▸ PROBLEM DETAILS:
Every line below from the one with "Old hourglass with empty wooden chalkboard" through the one with "Flexible Asian girl" is to be repeated exactly, with no picture among them.
[RECORDS TO PROCESS — start]
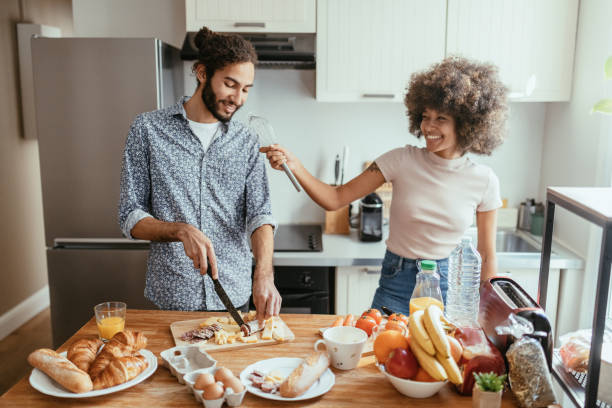 istock Family having fun in the kitchen while preparing breakfast 1378118405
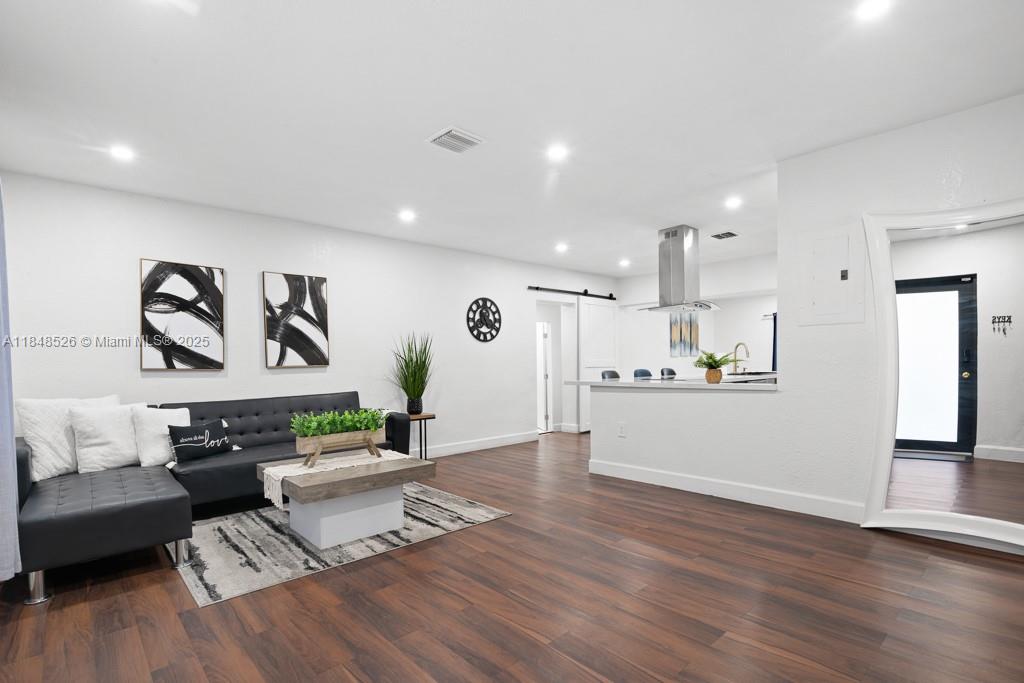 445 Southwest 62nd Court Miami, FL 33144 - Photo 6 of 41 a living room with furniture and kitchen view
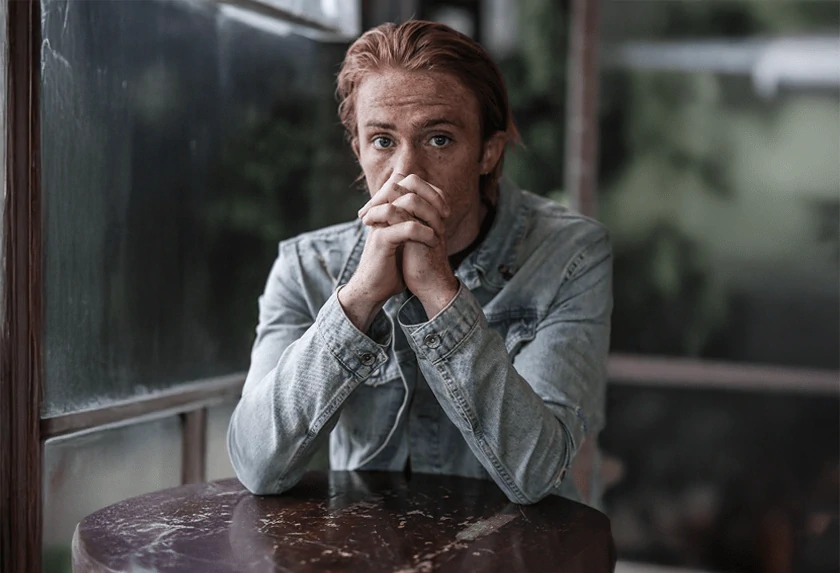 A man with denim jacket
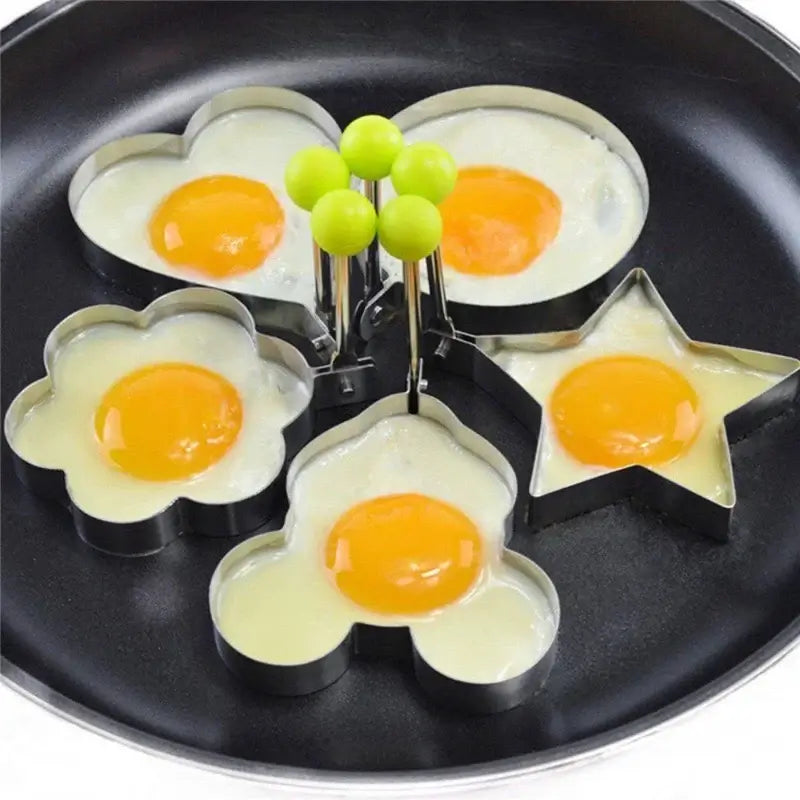 Stainless steel egg mold rings in heart, flower, star, and Mickey Mouse shapes cooking eggs in a frying pan.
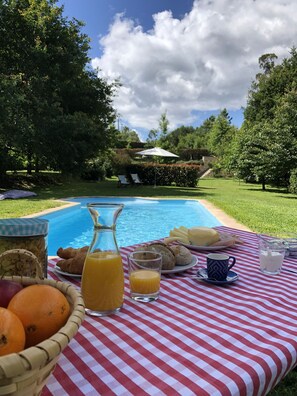 Desayuno junto a la piscina con mantel a cuadros, cesta de frutas, croissants y una jarra de jugo de naranja.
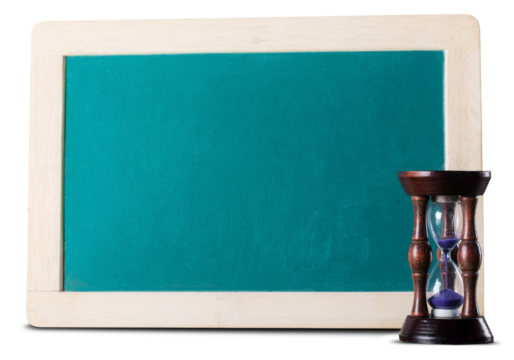 Old hourglass with empty wooden chalkboard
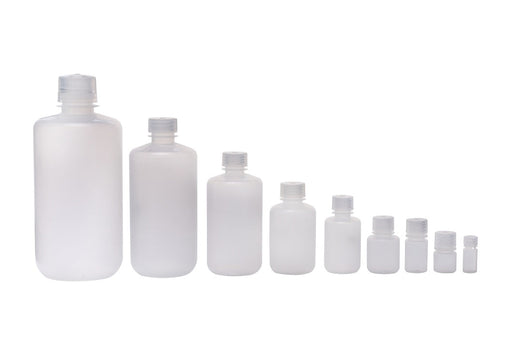 Set of white plastic bottles of various sizes on a white background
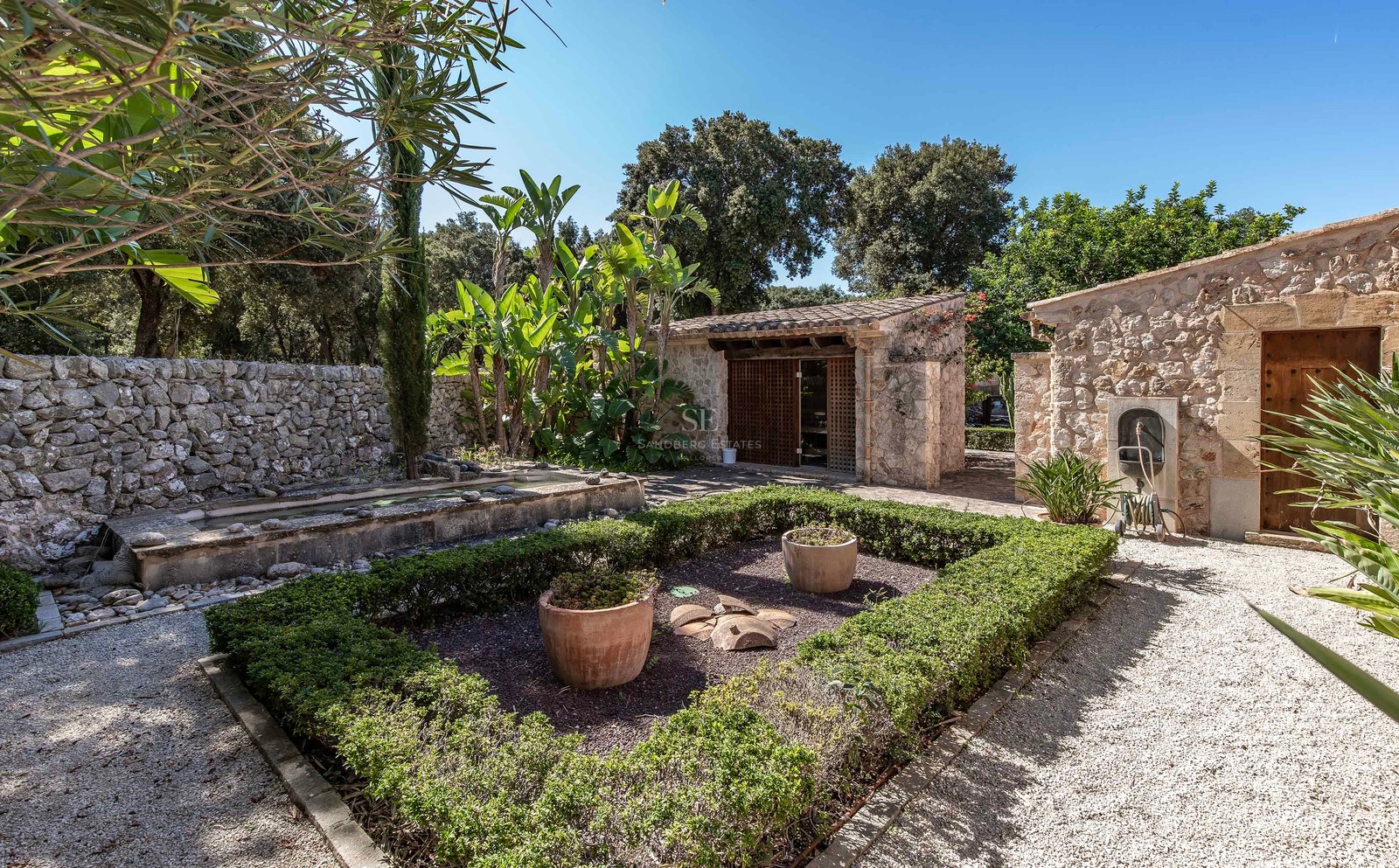 Jardin méditerranéen avec murs en pierre, allées de gravier et dépendances sous un ciel bleu clair.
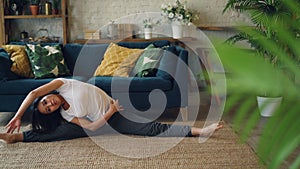 Flexible Asian girl is doing yoga at home sitting on floor and stretching legs and body exercising alone. Beautiful room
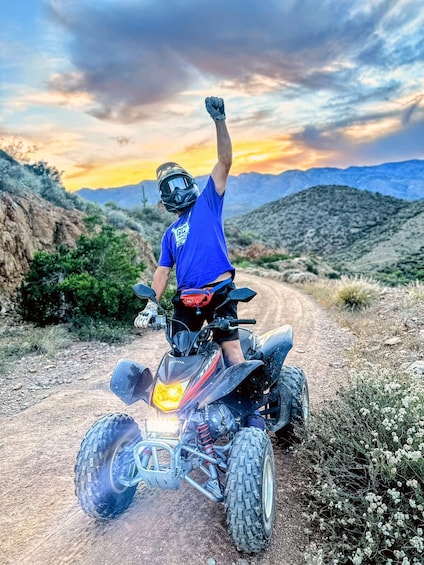A person riding a quad bike on a dirt road with mountains in the background. 2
[RECORDS TO PROCESS — finish]
▸ RESPONSE TO THIS TASK:
 Old hourglass with empty wooden chalkboard
 Set of white plastic bottles of various sizes on a white background
 Jardin méditerranéen avec murs en pierre, allées de gravier et dépendances sous un ciel bleu clair.
 Flexible Asian girl is doing yoga at home sitting on floor and stretching legs and body exercising alone. Beautiful room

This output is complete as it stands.